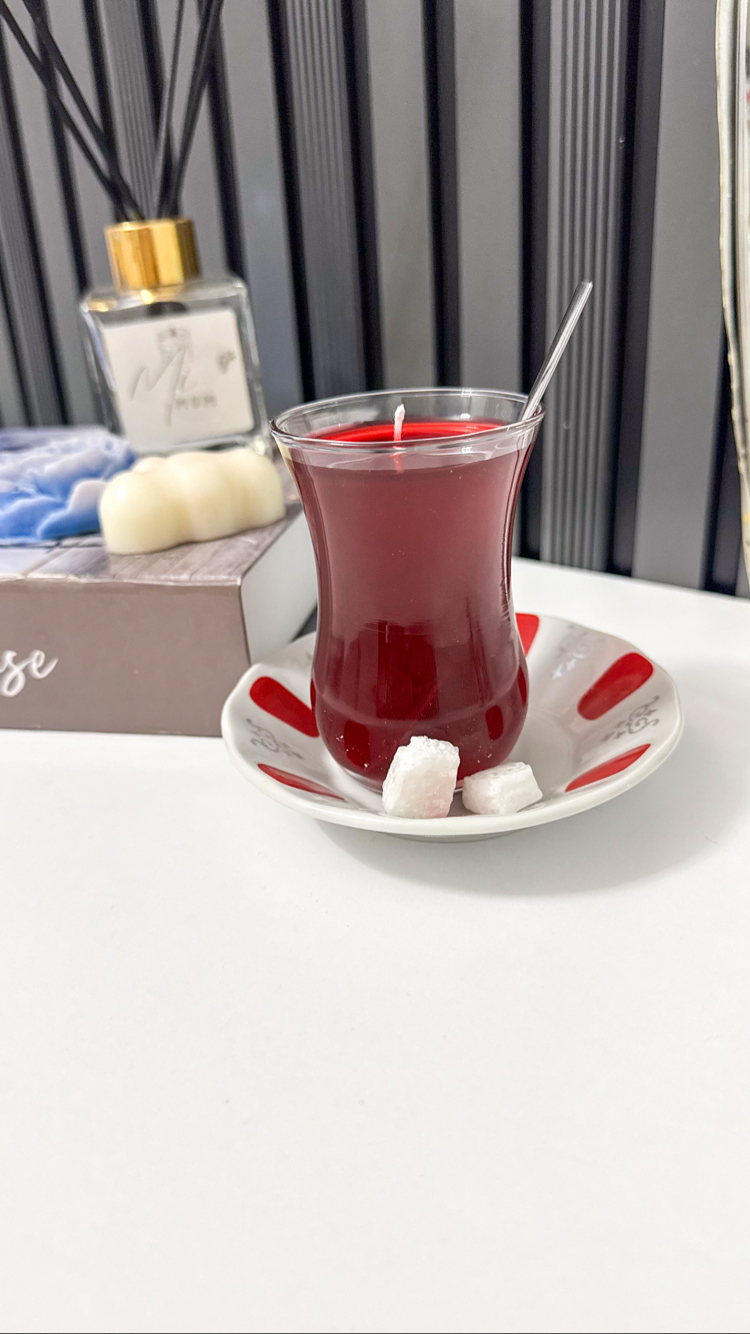 İnce belli Çay Mum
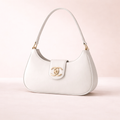 Bella Luxe Shoulder Bag White
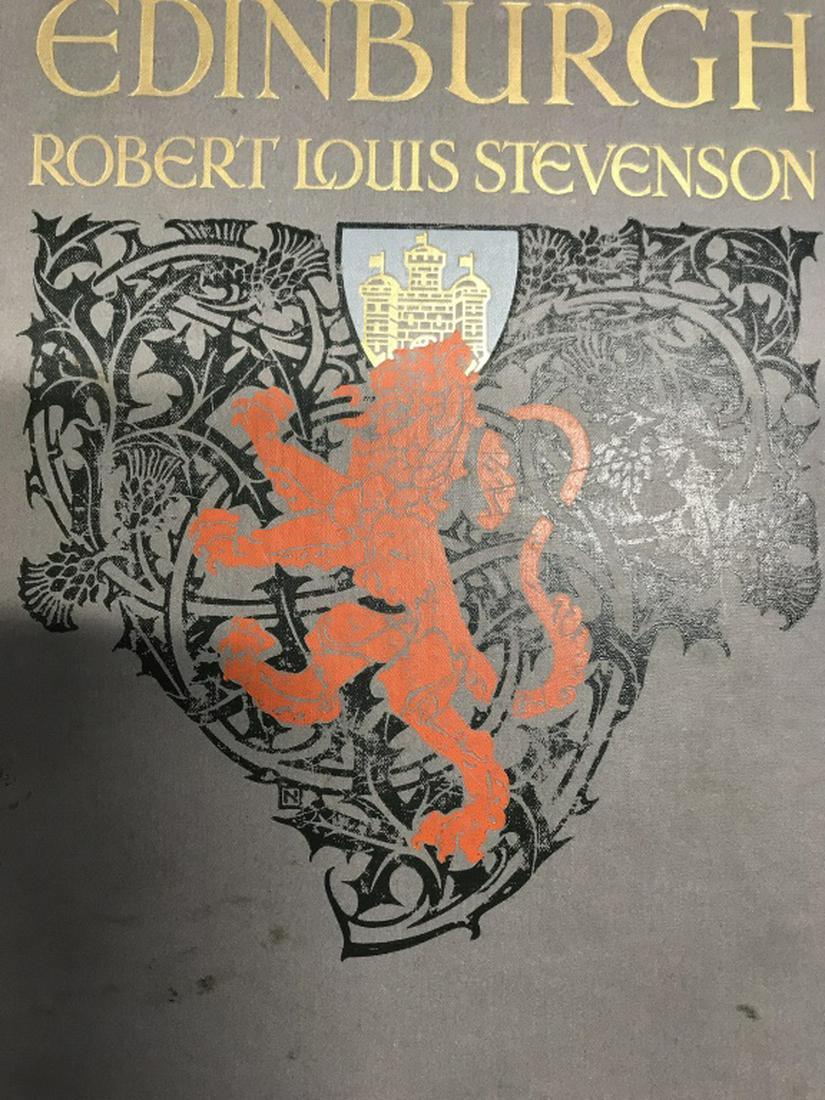 Antique R.L.Stevenson, Edinburgh, Book 1912: With 24 color illustrations, plates by James Heron, dated 1912 published London Seeley, Service & Co, Ltd, antique book, art book, collectible book, cover measures app 10 by 8 inches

##############################

_Prompt_: From the line that contains "Bella Luxe Shoulder Bag White" to the final line of the material, write out each line exactly. Pictures stay out.

_Solution to the exercise_:
 Bella Luxe Shoulder Bag White
 Antique R.L.Stevenson, Edinburgh, Book 1912: With 24 color illustrations, plates by James Heron, dated 1912 published London Seeley, Service & Co, Ltd, antique book, art book, collectible book, cover measures app 10 by 8 inches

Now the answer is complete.